_Activity_.
Extract the whole listing as it stands. Do not include the pictures.

_Data provided_.
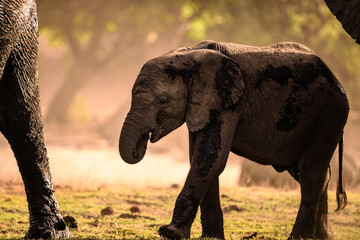 Fototapeta na wymiar Junger Elefant im Gegenlicht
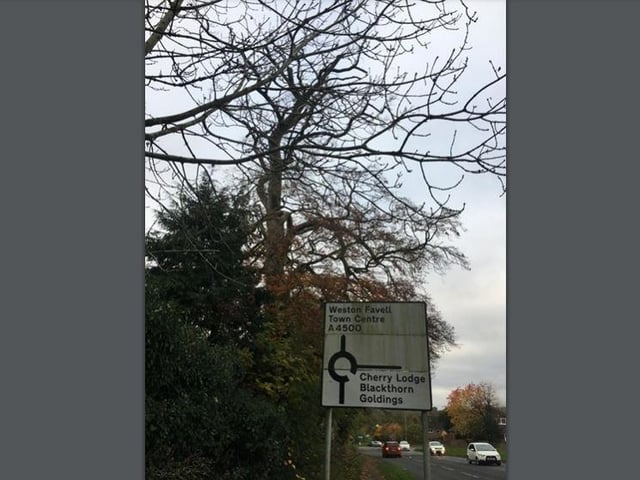 Planning Application WNN/2021/1062 - Valid From 18/11/2021
8 Beech Hide Penfold Drive, -, Northampton, Northamptonshire, NN3 9EQ
Five day notice for reduction of Beech tree by 50%, to include removal of dead wood, infected wood and dangerous branches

_Solution for this exercise_.
 Fototapeta na wymiar Junger Elefant im Gegenlicht
 Planning Application WNN/2021/1062 - Valid From 18/11/2021
8 Beech Hide Penfold Drive, -, Northampton, Northamptonshire, NN3 9EQ
Five day notice for reduction of Beech tree by 50%, to include removal of dead wood, infected wood and dangerous branches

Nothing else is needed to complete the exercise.